I didn’t have enough bottled water to wash my hair, so I twisted it back into a bun and put on a wide crocheted headband to conceal the two (three?) days-with-no-shower ick factor.
Maybe I’d brave the bucket wash tomorrow.
In a fresh white polo shirt, cotton pants and with sunscreen on my face, I felt a whole lot better than I had last night.
I knew I had one mission for the day: to find my mysterious drummer and to look for Deni. If what I guessed was true, if the rebellious leader of the Aceh boys and the drummer guy with the haunted eyes were one and the same boy, I might have a good day.
With my tiny tour guide gone, I followed the trail alone toward the chanting. The call to prayer blasted from rusty speakers along the path,
but I was already getting used to the chanting. I walked across the soccer field and over toward the edge of the grounds where a low wall faced the river. The street kids weren’t hanging out on the dirty shore. Just a few stray cats and scrawny-looking dogs lurking around the rocks, sniffing at trash, so I sat down on the wall, back to the pesantren, and waited in the morning sunshine, thinking about those eyes staring at me in my dream state, that scar. That boy.
When the prayer ended, I heard happy yelling and turned to see a flood of children pour out of the meeting room and toward another long blue-roofed building. The air smelled like ripe bananas and cooked rice. I guessed that was the dining hall and walked over to find Team Hope.
“Good morning, Sienna!” Dad cried from the end of a very long table. “Come, we saved you a seat.” He patted the empty spot on the wooden bench next to him.
“I see you survived the night,” Tom teased. “And the mandi?”
Microorganisms, buckets of worms, dawn wake-up.
“Barely.”
“It will all take some getting used to,” Dad said. Then he lowered his voice and leaned in toward my ear. “Did you have the nightmare? I was thinking about you. I could barely sleep.”
That was nice. “Sort of,” I said. “Just like on the plane, the dream was a little different.”
“How so?” Dad asked.
“I’ll tell you later.
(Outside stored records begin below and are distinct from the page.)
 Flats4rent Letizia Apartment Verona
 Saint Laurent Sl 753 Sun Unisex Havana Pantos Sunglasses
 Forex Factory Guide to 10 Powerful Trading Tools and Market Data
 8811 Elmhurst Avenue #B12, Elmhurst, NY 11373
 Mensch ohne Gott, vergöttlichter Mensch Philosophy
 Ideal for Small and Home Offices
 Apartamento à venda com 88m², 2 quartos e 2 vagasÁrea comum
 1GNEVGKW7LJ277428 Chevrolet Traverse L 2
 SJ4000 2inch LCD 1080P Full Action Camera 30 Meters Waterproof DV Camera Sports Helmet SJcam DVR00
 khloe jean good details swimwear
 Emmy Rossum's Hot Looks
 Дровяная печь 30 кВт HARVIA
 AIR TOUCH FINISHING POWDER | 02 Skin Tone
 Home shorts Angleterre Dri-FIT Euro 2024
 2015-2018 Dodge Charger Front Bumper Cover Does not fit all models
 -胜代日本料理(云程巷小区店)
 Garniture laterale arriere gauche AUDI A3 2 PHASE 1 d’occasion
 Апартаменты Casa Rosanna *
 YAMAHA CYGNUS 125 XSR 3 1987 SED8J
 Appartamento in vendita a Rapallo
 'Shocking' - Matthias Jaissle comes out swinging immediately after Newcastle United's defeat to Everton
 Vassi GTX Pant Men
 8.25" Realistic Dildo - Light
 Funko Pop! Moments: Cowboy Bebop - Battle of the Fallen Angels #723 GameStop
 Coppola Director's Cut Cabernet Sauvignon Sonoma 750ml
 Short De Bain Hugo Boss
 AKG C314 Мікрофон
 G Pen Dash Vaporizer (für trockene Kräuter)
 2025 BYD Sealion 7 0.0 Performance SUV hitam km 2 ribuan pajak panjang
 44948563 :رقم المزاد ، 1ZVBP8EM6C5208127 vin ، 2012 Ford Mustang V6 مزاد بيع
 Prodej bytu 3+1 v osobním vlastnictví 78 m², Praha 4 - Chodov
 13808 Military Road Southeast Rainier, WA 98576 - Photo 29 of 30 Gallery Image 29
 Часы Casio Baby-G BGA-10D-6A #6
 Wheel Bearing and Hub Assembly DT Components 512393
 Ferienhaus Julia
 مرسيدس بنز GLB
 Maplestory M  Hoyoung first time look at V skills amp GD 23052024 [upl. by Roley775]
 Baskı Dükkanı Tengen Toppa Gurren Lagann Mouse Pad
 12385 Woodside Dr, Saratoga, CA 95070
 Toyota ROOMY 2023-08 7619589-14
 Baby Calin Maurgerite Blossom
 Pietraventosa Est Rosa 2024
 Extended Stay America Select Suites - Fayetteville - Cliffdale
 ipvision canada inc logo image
It was no big deal,” I said, playing tough. The last thing I wanted was to act out a play-by-play in front of Team Hope.
Dad cocked his head. “Okay, we’ll find some time later to talk. About the other thing we talked about too,” he said. I knew what he meant. Deni.
Breakfast turned out to be plain sticky rice. A short, smiling woman who Dad explained was the cook carried a giant pot up and down the rows of tables, scooping one white lump into each of our wooden bowls. The kids, in turn, dug in with their fingers, scooping the rice into their mouths.
“There isn’t any silverware?” I asked.
“Nope,” Tom said, a grain of rice in his beard. “Isn’t it great? I love Indonesia.”